“Basta dighe, il Cile resta senz’acqua”
Il vescovo “verde” all’assemblea degli azionisti Enel
intervista a Mons. Luis Infanti*, a cura di Giacomo Galeazzi
in “La Stampa” del 29 aprile 2010
Monsignor Infanti, perché lei, che è vescovo di una città lontana, Aysen, nella Patagonia cilena, partecipa oggi all’assemblea dell’Enel?

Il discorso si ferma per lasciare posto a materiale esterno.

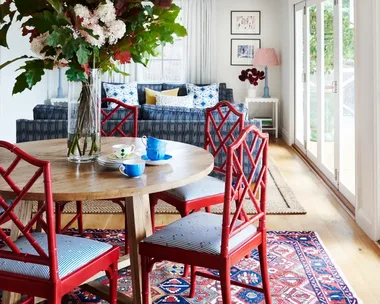 Dining and living area with pops of red and blue.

«Le istanze di chi non ha voce sono ignorate là dove si decide: ora i condannati al silenzio parleranno per bocca mia. In maniera illecita la Costituzione varata nel 1980 da Pinochet ha concesso a tempo indeterminato l’80% dell’acqua del Cile alla società spagnola Endesa, poi acquistata da Enel. Neppure un referendum può cambiare le cose. La mia diocesi è grande un terzo dell’Italia e, grazie ai ghiacciai, è la seconda riserva di acqua dolce del mondo. La proprietà dell’”oro blu”, però, non è dei cittadini ma appunto dell’Enel, che adesso vuole costruire cinque enormi dighe per fornire energia idroelettrica alle miniere del Nord».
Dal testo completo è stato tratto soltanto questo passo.